[Stored data]

=== Section Start ===

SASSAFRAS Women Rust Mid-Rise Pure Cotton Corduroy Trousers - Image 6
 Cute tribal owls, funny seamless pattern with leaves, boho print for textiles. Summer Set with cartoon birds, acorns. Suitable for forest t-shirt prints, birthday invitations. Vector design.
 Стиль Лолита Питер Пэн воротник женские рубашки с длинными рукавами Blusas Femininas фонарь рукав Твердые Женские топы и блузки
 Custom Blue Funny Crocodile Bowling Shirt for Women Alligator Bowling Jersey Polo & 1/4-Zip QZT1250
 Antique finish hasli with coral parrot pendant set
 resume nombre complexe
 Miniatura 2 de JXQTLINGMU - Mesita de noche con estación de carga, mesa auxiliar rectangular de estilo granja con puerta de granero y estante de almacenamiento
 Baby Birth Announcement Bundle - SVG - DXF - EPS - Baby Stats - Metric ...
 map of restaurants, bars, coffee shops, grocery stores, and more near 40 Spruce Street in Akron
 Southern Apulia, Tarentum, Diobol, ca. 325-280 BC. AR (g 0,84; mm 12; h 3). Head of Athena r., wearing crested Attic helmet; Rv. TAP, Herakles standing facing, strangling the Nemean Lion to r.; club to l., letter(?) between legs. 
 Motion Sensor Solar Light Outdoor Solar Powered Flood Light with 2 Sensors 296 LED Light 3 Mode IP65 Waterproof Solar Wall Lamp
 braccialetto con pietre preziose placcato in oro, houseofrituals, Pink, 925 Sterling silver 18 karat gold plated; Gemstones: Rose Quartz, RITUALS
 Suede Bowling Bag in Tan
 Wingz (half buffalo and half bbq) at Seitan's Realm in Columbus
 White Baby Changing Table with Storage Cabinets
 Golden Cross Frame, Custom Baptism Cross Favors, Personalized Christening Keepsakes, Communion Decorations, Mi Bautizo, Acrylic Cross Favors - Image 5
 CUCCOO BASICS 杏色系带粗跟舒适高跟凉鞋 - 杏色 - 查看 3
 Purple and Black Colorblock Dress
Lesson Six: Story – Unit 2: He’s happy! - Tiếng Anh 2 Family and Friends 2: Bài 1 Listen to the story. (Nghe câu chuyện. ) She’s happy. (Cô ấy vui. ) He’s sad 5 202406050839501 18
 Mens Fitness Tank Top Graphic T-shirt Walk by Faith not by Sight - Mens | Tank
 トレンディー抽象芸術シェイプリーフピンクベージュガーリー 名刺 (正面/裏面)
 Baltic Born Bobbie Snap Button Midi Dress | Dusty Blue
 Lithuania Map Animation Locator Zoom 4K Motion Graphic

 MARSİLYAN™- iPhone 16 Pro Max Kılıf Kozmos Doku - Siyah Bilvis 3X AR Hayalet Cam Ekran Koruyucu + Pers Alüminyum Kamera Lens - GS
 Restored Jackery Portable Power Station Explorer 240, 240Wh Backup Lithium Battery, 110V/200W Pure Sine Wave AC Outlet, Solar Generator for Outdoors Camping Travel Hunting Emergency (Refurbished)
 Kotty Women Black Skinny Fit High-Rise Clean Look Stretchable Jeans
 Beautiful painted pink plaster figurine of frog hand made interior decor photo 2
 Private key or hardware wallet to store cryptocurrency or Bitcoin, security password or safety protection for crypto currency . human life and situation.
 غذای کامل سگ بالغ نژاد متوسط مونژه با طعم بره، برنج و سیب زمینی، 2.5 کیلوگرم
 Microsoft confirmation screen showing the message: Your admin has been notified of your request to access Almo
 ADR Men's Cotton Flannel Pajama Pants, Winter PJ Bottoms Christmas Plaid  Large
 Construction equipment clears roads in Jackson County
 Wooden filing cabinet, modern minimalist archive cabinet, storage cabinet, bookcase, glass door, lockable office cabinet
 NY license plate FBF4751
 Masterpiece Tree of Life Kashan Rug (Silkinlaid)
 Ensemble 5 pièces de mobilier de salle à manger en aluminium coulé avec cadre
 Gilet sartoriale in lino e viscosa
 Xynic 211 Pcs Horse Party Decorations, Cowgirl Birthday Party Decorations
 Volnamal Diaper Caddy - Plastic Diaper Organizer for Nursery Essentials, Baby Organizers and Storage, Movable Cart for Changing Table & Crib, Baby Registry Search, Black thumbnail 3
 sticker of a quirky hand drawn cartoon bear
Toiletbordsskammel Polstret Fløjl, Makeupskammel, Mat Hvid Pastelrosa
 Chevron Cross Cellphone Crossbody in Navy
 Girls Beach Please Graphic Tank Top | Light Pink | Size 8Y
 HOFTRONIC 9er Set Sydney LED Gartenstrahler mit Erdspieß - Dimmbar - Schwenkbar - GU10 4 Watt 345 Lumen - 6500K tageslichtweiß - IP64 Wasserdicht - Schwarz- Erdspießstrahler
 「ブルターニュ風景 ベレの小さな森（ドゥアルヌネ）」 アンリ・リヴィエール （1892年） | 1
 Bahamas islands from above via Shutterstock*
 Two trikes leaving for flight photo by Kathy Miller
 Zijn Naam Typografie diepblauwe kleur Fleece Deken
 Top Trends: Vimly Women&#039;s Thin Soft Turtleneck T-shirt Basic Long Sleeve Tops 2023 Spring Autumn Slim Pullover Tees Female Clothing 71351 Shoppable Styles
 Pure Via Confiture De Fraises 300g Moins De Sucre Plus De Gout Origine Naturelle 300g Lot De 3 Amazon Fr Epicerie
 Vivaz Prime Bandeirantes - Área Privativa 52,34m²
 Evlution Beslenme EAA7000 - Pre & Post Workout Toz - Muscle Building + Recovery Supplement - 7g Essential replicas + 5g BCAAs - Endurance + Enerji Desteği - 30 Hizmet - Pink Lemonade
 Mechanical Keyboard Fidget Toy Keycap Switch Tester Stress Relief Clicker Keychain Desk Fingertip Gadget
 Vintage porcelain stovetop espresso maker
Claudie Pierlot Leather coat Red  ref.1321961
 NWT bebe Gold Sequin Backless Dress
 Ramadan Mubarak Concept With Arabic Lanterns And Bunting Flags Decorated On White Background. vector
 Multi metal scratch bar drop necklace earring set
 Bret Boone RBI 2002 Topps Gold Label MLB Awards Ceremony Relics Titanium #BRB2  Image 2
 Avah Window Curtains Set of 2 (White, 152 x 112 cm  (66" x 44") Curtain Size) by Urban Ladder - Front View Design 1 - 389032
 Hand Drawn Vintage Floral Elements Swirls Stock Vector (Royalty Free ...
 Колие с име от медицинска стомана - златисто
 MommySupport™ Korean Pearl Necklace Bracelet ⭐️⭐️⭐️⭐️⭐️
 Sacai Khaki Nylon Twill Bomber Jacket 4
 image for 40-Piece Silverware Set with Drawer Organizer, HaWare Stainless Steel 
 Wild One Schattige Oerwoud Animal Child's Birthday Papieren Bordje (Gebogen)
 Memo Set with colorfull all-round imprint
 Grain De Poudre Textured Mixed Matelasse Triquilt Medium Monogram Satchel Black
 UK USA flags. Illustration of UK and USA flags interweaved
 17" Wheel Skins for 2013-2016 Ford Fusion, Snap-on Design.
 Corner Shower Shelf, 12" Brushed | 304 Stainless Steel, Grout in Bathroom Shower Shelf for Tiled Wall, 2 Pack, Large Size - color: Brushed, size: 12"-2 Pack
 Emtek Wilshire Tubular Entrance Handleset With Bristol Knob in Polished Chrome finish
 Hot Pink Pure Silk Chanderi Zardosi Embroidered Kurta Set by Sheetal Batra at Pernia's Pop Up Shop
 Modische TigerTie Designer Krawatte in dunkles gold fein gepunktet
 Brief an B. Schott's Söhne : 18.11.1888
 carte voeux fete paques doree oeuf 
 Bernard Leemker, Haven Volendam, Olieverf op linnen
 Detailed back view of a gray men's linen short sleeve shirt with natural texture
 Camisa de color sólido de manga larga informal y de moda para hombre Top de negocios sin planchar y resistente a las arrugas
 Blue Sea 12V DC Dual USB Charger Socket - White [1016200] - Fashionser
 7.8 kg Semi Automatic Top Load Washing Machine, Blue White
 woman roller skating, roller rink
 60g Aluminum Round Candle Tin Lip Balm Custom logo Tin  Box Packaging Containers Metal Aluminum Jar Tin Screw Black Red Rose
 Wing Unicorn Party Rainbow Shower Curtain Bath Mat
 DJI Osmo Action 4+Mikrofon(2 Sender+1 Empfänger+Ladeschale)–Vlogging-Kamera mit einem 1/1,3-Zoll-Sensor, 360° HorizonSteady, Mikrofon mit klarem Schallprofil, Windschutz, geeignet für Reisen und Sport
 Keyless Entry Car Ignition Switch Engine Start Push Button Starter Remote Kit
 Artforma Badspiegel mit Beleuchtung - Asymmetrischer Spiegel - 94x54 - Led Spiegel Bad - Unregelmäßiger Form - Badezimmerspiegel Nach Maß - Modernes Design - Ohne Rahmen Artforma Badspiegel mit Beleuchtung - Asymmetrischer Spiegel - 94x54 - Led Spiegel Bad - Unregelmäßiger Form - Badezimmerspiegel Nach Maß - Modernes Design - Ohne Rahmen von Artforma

=== Section End ===

• _Your objective_:
Starting at the line that contains "DJI Osmo Action", quote each remaining line of the entries above, unchanged.

• _Answer for the task_:
 DJI Osmo Action 4+Mikrofon(2 Sender+1 Empfänger+Ladeschale)–Vlogging-Kamera mit einem 1/1,3-Zoll-Sensor, 360° HorizonSteady, Mikrofon mit klarem Schallprofil, Windschutz, geeignet für Reisen und Sport
 Keyless Entry Car Ignition Switch Engine Start Push Button Starter Remote Kit
 Artforma Badspiegel mit Beleuchtung - Asymmetrischer Spiegel - 94x54 - Led Spiegel Bad - Unregelmäßiger Form - Badezimmerspiegel Nach Maß - Modernes Design - Ohne Rahmen Artforma Badspiegel mit Beleuchtung - Asymmetrischer Spiegel - 94x54 - Led Spiegel Bad - Unregelmäßiger Form - Badezimmerspiegel Nach Maß - Modernes Design - Ohne Rahmen von Artforma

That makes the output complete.